Run from the gcloud command-line tool

Note: To run templates with the gcloud command-line tool, you must have Cloud SDK version 138.0.0 or later.

When running this template, you need the Cloud Storage path to the template:

gs://dataflow-templates/VERSION/Cloud_BigQuery_to_GCS_TensorFlow_Records
gcloud dataflow jobs run JOB_NAME \
    --gcs-location gs://dataflow-templates/latest/Cloud_BigQuery_to_GCS_TensorFlow_Records \
    --parameters readQuery=READ_QUERY,outputDirectory=OUTPUT_DIRECTORY,trainingPercentage=TRAINING_PERCENTAGE,testingPercentage=TESTING_PERCENTAGE,validationPercentage=VALIDATION_PERCENTAGE,outputSuffix=OUTPUT_FILENAME_SUFFIX

Replace the following values:

  • PROJECT_ID: your project ID
  • JOB_NAME: a job name of your choice
  • READ_QUERY: the BigQuery query to be executed
  • OUTPUT_DIRECTORY: the Cloud Storage path prefix for output datasets
  • TRAINING_PERCENTAGE: the decimal percentage split for the training dataset
  • TESTING_PERCENTAGE: the decimal percentage split for the testing dataset
  • VALIDATION_PERCENTAGE: the decimal percentage split for the validation dataset
  • OUTPUT_FILENAME_SUFFIX: the preferred output TensorFlow Record file suffix

API

Run from the REST API

When running this template, you need the Cloud Storage path to the template:

gs://dataflow-templates/VERSION/Cloud_BigQuery_to_GCS_TensorFlow_Records

To execute the template with the REST API , send an HTTP POST request with your project ID. This request requires authorization.
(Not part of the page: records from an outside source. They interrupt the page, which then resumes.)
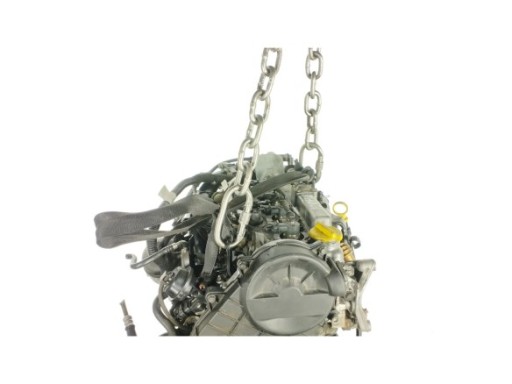 MOTOR COMPLETO|Desguaces La Cabaña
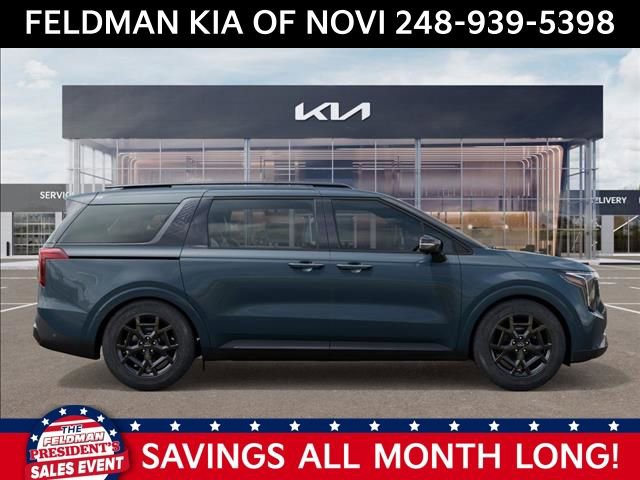 New 2025 Kia Carnival SX Prestige image 7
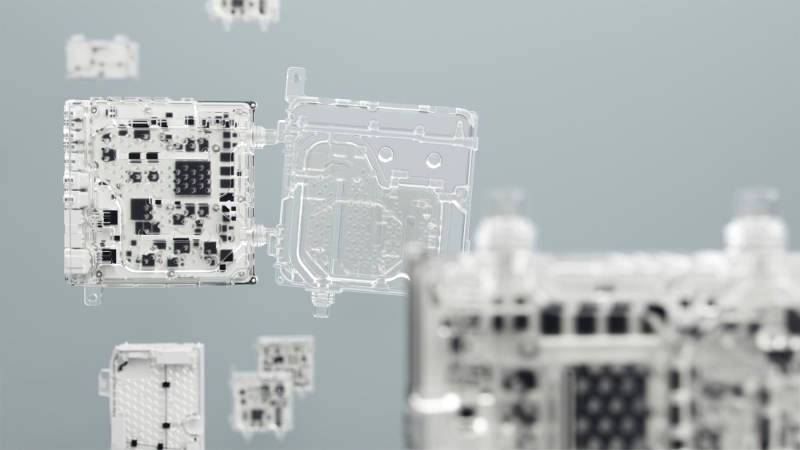 Future Volvo cars to run on Volvo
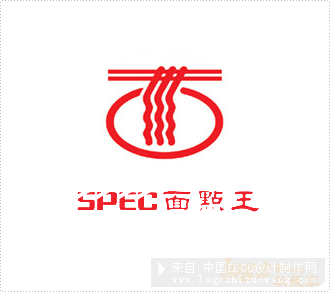 面点王快餐连锁饮食行业logo欣赏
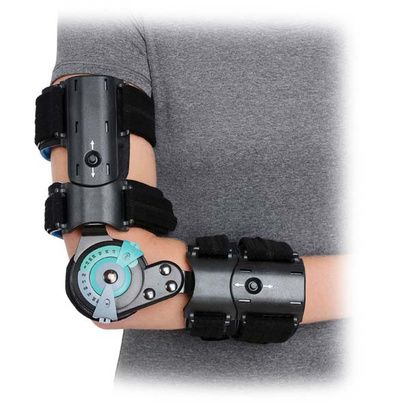 Buy Advanced Orthopaedics Hinge R.O.M. Elbow Brace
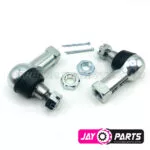 JayParts erősített kormánygömbfej szett (belső + külső) – Suzuki KingQuad 450 / 500 / 700 / 750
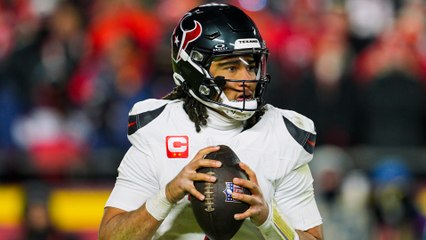 C.J. Stroud's Sophomore Slump & Houston Texans' 2025 Outlook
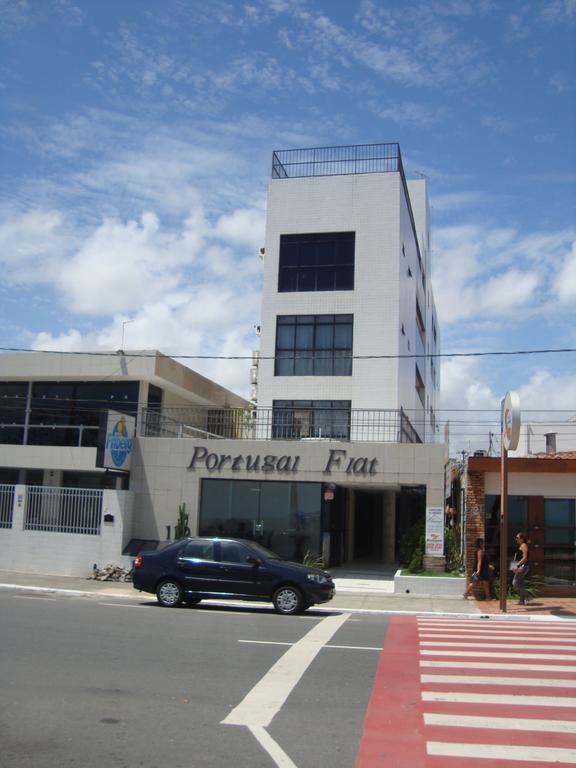 João Pessoa Portugal Flat 아파트 호텔 외부 사진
POST https://dataflow.googleapis.com/v1b3/projects/PROJECT_ID/templates:launch?gcsPath=gs://dataflow-templates/latest/Cloud_BigQuery_to_GCS_TensorFlow_Records
{
   "jobName": "JOB_NAME",
   "parameters": {
       "readQuery":"READ_QUERY",
       "outputDirectory":"OUTPUT_DIRECTORY",
       "trainingPercentage":"TRAINING_PERCENTAGE",
       "testingPercentage":"TESTING_PERCENTAGE",
       "validationPercentage":"VALIDATION_PERCENTAGE",
       "outputSuffix":"OUTPUT_FILENAME_SUFFIX"
   },
   "environment": { "zone": "us-central1-f" }
}

Replace the following values:

  • PROJECT_ID: your project ID
  • JOB_NAME: a job name of your choice
  • READ_QUERY: the BigQuery query to be executed
  • OUTPUT_DIRECTORY: the Cloud Storage path prefix for output datasets
  • TRAINING_PERCENTAGE: the decimal percentage split for the training dataset
  • TESTING_PERCENTAGE: the decimal percentage split for the testing dataset
  • VALIDATION_PERCENTAGE: the decimal percentage split for the validation dataset
  • OUTPUT_FILENAME_SUFFIX: the preferred output TensorFlow Record file suffix

BigQuery export to Parquet (via Storage API)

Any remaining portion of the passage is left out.